So, what is the answer to conflict and to anger? The reality is we can’t go through life without conflict. There are even times when anger can be justified. Even Jesus got angry at the moneychangers in the temple, as they made it a marketplace instead of a sacred place. But it is our response to our emotions that we must be careful about.

  1. It is important to not respond right away–rarely has a response made from anger been healing or productive. Find a constructive way to deal.
  2. Seek people concerned about the same issues. If your anger is caused by injustice, find a path to fight for justice.
  3. When someone hurts you, find a way to take care of yourself so that you don’t spiral into negativity and cause further harm to yourself. This could be going for a run, deep breathing, taking a boxing class, or talking to a counselor.
  4. Tell the Lord how you are feeling.

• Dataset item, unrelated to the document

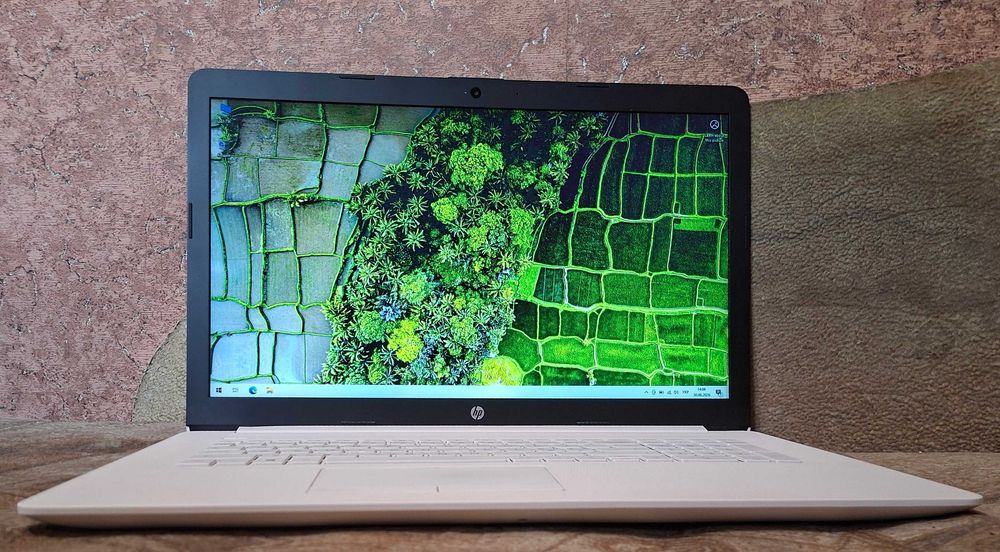 Ноутбук HP Laptop 17"  AMD A9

He can take it. Ask Him how you are to respond, both internally and to the person who made you angry in the first place. With any conflict, the Holy Spirit can help us find a way where there seems to be no way.

Conflict is something I dread. Yet I’ve learned that conflict can be an opportunity. Instead of wallowing in anger and falling further from righteousness, our response to conflict can be a way to grow in character.

By seeking the guidance of the Holy Spirit in times of conflict, we can also grow closer to the heart God has for us and the person who hurt us. Instead of letting anger dictate our responses, let’s work on Spirit-filled healthy responses and watch how we grow in virtue.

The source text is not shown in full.